Why would a decision maker such as Amazon earn different profit if it builds a headquarters in different locations?

1. the rent it pays per square foot will vary across locations.
2. the tax breaks it receives will vary across locations
3.  the human capital it can hire will require different "combat pay" in different locations.  In a beautiful city, Amazon can lure and retain talent at a lower wage than if it chooses to locate its headquarters in a humid, dangerous place.
4.  If Amazon is energy intensive or water intensive in producing output, it will think through what its operating costs will be from being headquartered at each  location.
5. If the executives have families, the executives will think about what city specific schools their kids will attend, what city specific jobs and activities their spouses will participate in (the co-location problem), they will think about what city specific restaurants and country clubs they will participate in (the consumer city).  The executives will care about climate and quality of life because leisure time will mainly be consumed in the hq city.   Bottom line, in a nicer city --- Amazon can pay less and retain and recruit talent.  The area's attributes are part of the total compensation package.  Sherwin Rosen taught me this 30 years and this is the heart of my quality of life research (see this and this).

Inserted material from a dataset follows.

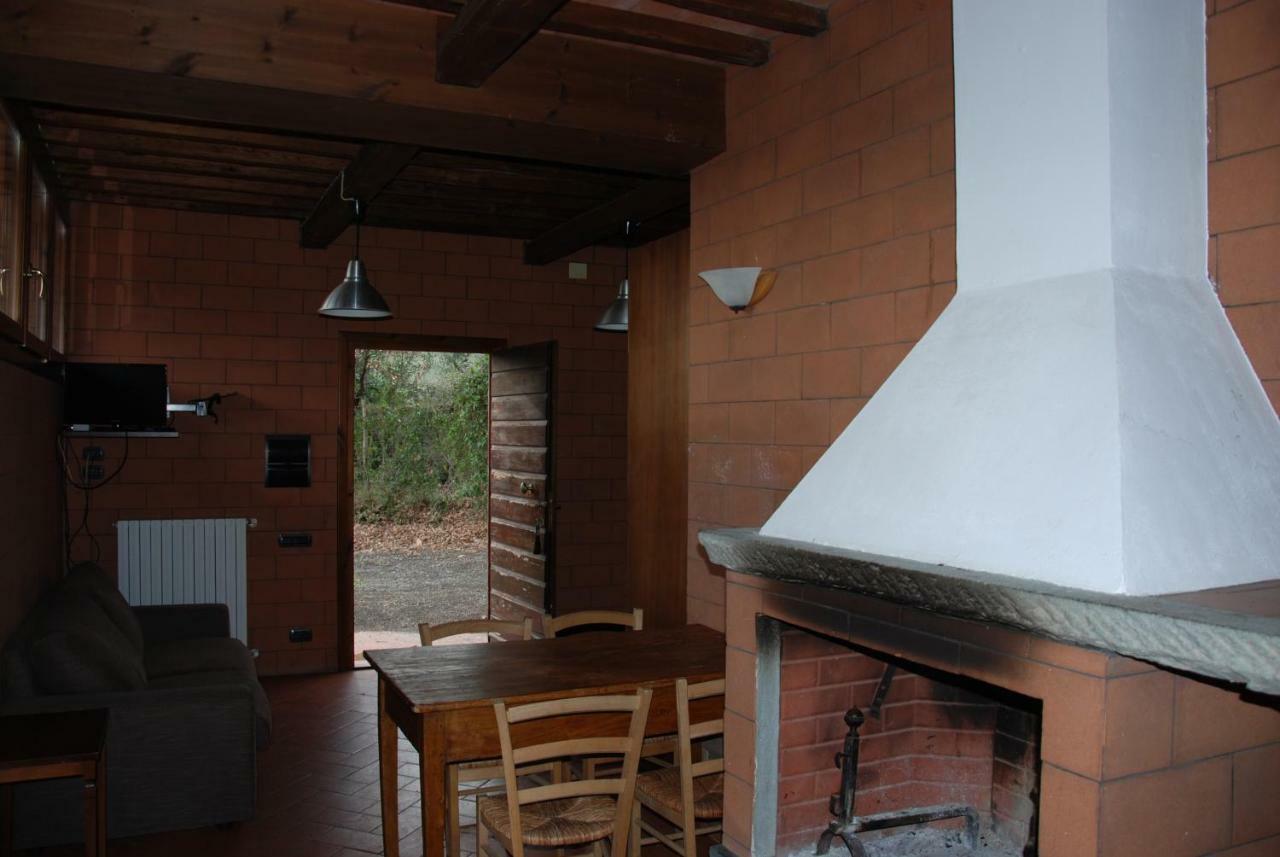 Agriturismo San Vettore 甘巴西 外观 照片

If the firm expects to spend at least 30 years at this location, it must not only collect information on #1 to #5 today but also form an expectation of each of these attributes over the next 30 years.  The econometrician studying this firm must form a model of the firm's expectations of how these atributes will evolve over time. If the econometrician is lazy and assumes that the firm believes that cities never change then the econometrician will mis-specify what information the decision maker actually used.  This is why the rational expectations approach became so popular because it provided an intellectual justification for the "symmetry" between the decision maker and the researcher studying the decision maker.  For example, if Amazon believes that climate change will make Nashville 120 degrees in summer by the year 2023 but the econometrician assumes that Nashville's average temperature each summer never changes, the econometrician will over-estimate the probability that Amazon chooses to place its HQ in Nashville.

This brief sketch highlights the challenge for an econometrician who seeks to quantify the relative importance of these 5 factors in determining a billion dollar firm's choice of place.

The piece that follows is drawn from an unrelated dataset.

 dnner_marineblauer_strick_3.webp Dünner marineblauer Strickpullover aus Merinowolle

Now, if the econometrician has the data on what is each firm's set of "finalist"locations (i.e chicago, Nashville), and observes which location each firm chooses for its new HQ and if the econometrician observes a vector of city attributes (see #1 to #5 above), the researcher can estimate a MacFadden conditional discrete choice model to recover estimates of the marginal coefficients on attributes #1 to #5.  This is a revealed preference approach as the econometrician seeks to recover the decision maker's priority list (i.e. is #1 more important than #5 in determining locational choice?).

The econometrician would face the challenge that there aren't that many Amazons choosing where to go.  A referee might also say that there is so much heterogeneity that you can't pool different companies together because every company has different weights that it places on factors #1-#5 above. In this case, the ambitious econometrician could not estimate this statistical model.

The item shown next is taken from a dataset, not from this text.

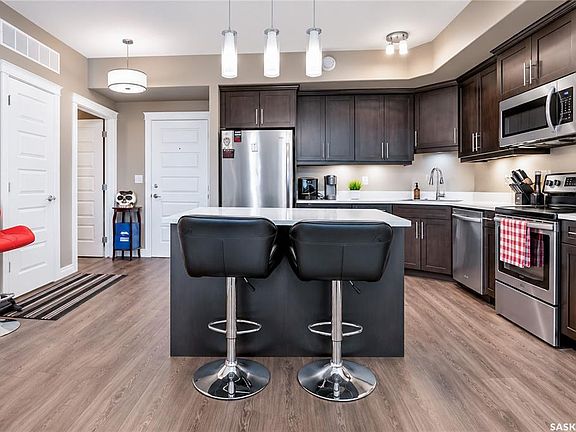 3rd image of UNIT 305-423 Nelson ROAD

But, if you can't estimate this model;  then we will never know if Chicago "overpays" to recruit Amazon.  Why?  The key counter-factual is whether in a probabilistic sense; would Amazon have still been likely to have chosen Chicago in the absence of great tax incentives? If the answer is "yes", then Chicago overpaid.  In this case, Amazon wasn't at the Margin.  But, we will never know this if we don't estimate the model above that provides a quantitative metric of how leading companies tradeoff the factors listed above.